Information supplied:
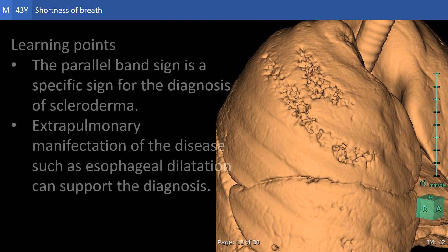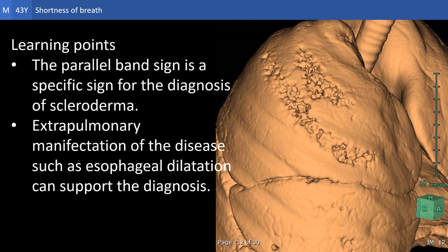We have learned also about the parallel band sign as a useful sign for the diagnosis of scleroderma and have seen the mechanism by which it is produced. We have seen also that the extrapulmonary manifestations of the disease, such as esophageal dilatation, can support the diagnosis on CT of the chest.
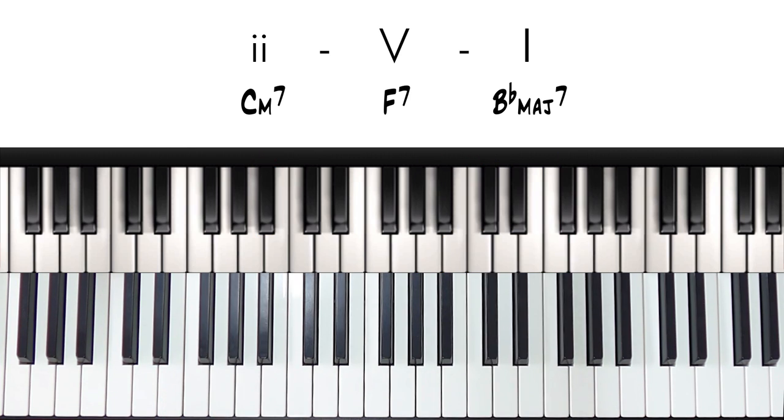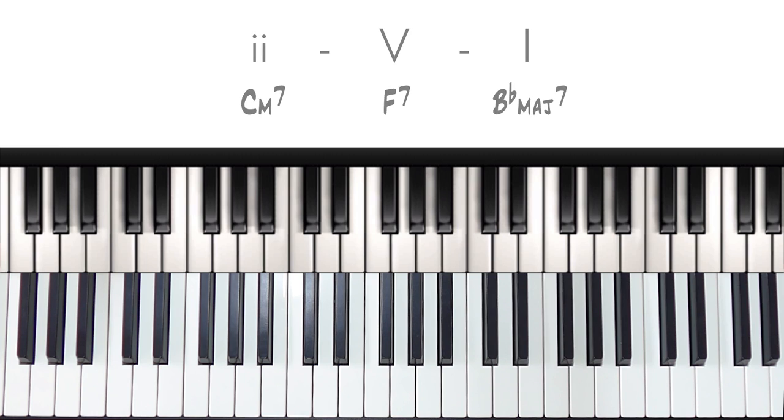These 2-5-1's are a great introduction for anyone who wants to start getting into jazz. So I'll play the walking bass line and then I'll show you a few things you can do with it. So here it is.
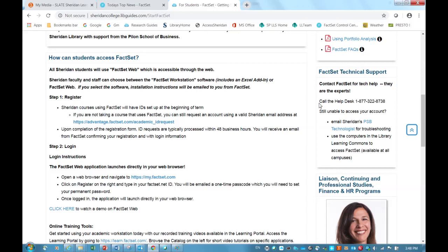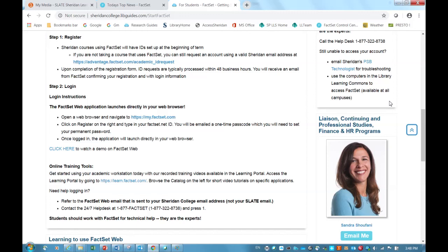Specifically, your best first line of support for logging in is calling FactSet by telephone using this toll-free help desk. They are a wonderful group, and have always been able to help Sheridan College students troubleshoot their first login.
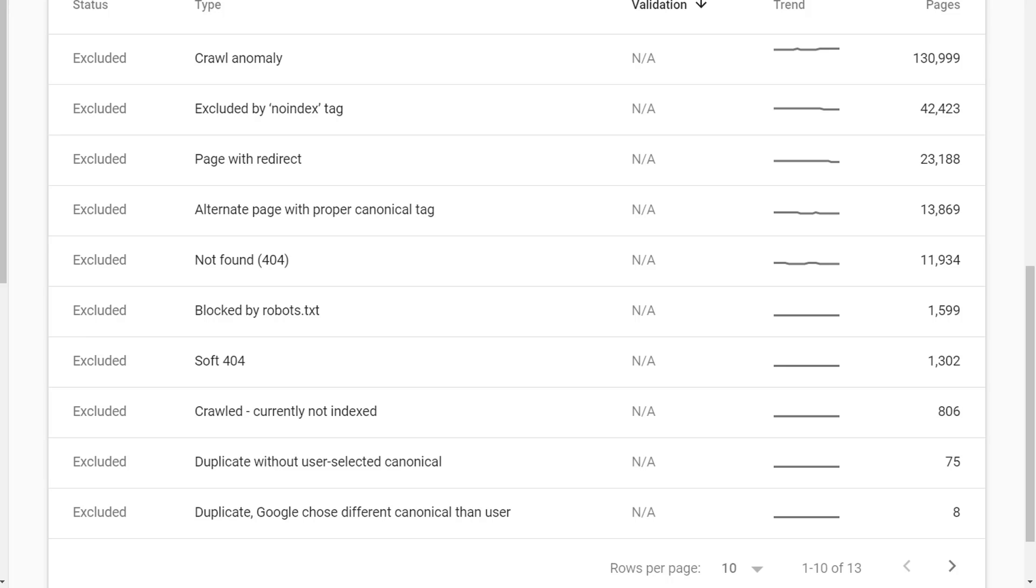In some cases, Google is choosing a different canonical than you chose, and you want to step through those pages to make sure that the decisions Google is making will work for your website. And if they don't work for your website, then you need to get on that and try to fix your content to avoid that duplication and to better align your canonicals with what Google expects.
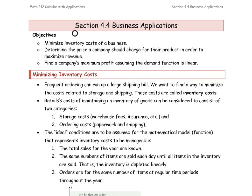Section 4.4 is about business applications. The whole thing is about using the derivative to find the answer. If we are talking about the cost, we're going to minimize the cost. The kind of cost we are working on for this problem is about the inventory cost for the business. We're also going to determine the price that should be charged for the product in order to maximize the revenue.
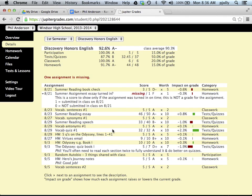Often, when I put in a score for an assignment, I'm going to add a comment for you specifically, and if I do that, it'll have your name at the beginning. So look down here where September 3rd, the Odyssey Quiz Book 1 was turned in — there's a comment for Phil down here. Read those comments, because I write those with you in mind, and I want to make sure you check them out.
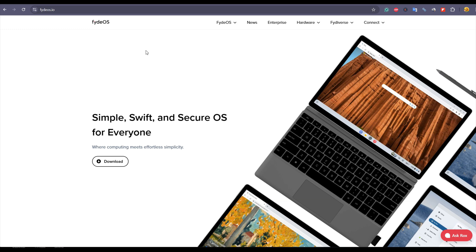One of them I have is FydeOS. It is based on Chrome OS which we have on Chromebooks, but it is open source and free to use. In this video, I am going to talk about how you can install it on a virtual machine.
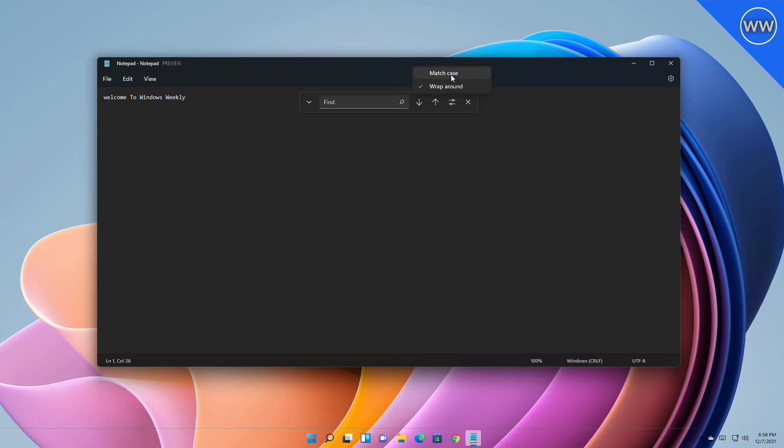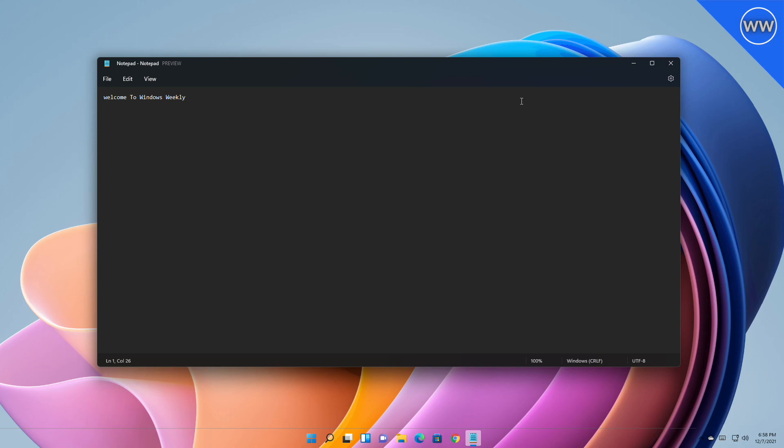This was another top community feature request. In this preview version, there are a number of known issues that will be addressed in future updates. This includes issues affecting keyboard access keys usage when switching between different input languages or while using Japanese IME, and under certain circumstances you may notice unexpected behavior when using shift-click to select text or when scrolling. Microsoft is also continuing to improve performance when opening very large files.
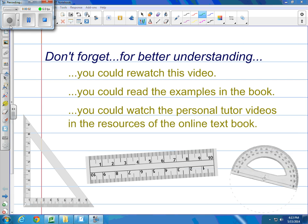Hey, welcome back, seventh grade. We have just finished wrapping up chapter 10, and now we're going, at the end of the year here, to be looking ahead. This is going to be in the way back of chapter 12, in the back of your book, and it's going to be on page Looking Ahead 2.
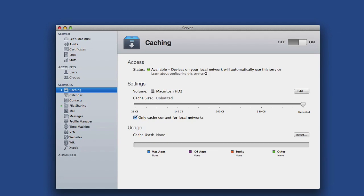Now devices connected to your network will look to use the Mac for updates rather than the app store, hopefully saving you some internet bandwidth.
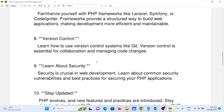Number eight: version control. Learn how to use version control systems like Git. Version control is essential for collaboration and managing code changes.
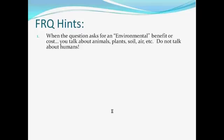If the question asks for an environmental benefit, most of the time — and yes there are exceptions on the rubric — you're going to write about animals, plants, soil, air, or water. For whatever reason, they don't consider humans as part of the environment. For example, one year students had to give a benefit of a warmer climate. If kids answered that you could grow more crops, they didn't get points, because crops are grown for humans or to feed animals that humans eat. So crops was a human answer, not an environmental answer. On my own tests I don't give credit for human answers either.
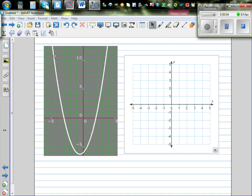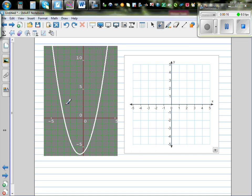Let's look at this question where you've got a parabola and on this axis we want to draw the gradient function. We don't know the equation of this parabola, but we can see that the x-intercepts are negative 3 and positive 2, and this is your turning point or minimum, somewhere between 0 and negative 1, at approximately negative 0.5.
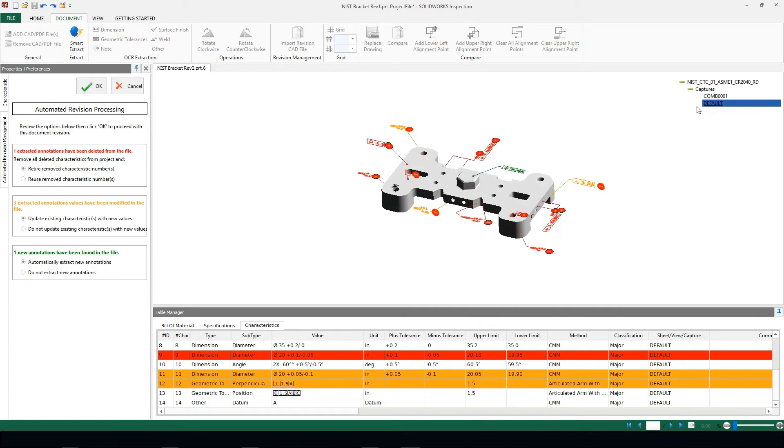If we show the PMI information, we'll notice a green data reference frame here. This is something that's new in our revised file; it was not in the original.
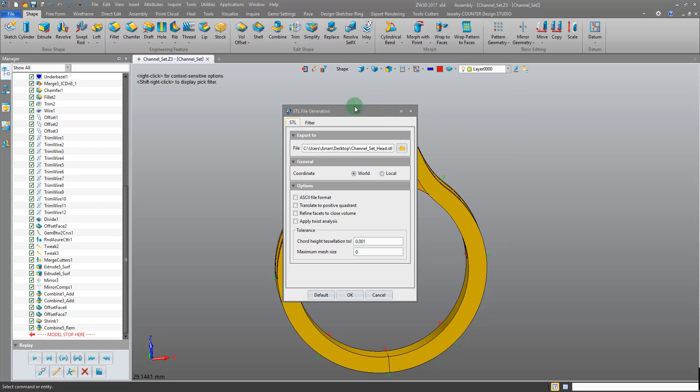Click Save and that's going to open up an STL file generation window. There's a couple things to be aware of in here. The first thing is the chord height tessellation tolerance. This value influences the resolution of the STL file's output. I like to keep it at around one one thousandth. This gives me plenty of resolution and also keeps the file size manageable.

What is being asked: Using the data above, which lines fall from the one with "This was another" through the one with "If the question"? Repeat them exactly, ends included, minus any pictures.

Reply to the exercise:
This was another top community feature request. In this preview version, there are a number of known issues that will be addressed in future updates. This includes issues affecting keyboard access keys usage when switching between different input languages or while using Japanese IME, and under certain circumstances you may notice unexpected behavior when using shift-click to select text or when scrolling. Microsoft is also continuing to improve performance when opening very large files.
Hey, welcome back, seventh grade. We have just finished wrapping up chapter 10, and now we're going, at the end of the year here, to be looking ahead. This is going to be in the way back of chapter 12, in the back of your book, and it's going to be on page Looking Ahead 2.
Now devices connected to your network will look to use the Mac for updates rather than the app store, hopefully saving you some internet bandwidth.
Number eight: version control. Learn how to use version control systems like Git. Version control is essential for collaboration and managing code changes.
If the question asks for an environmental benefit, most of the time — and yes there are exceptions on the rubric — you're going to write about animals, plants, soil, air, or water. For whatever reason, they don't consider humans as part of the environment. For example, one year students had to give a benefit of a warmer climate. If kids answered that you could grow more crops, they didn't get points, because crops are grown for humans or to feed animals that humans eat. So crops was a human answer, not an environmental answer. On my own tests I don't give credit for human answers either.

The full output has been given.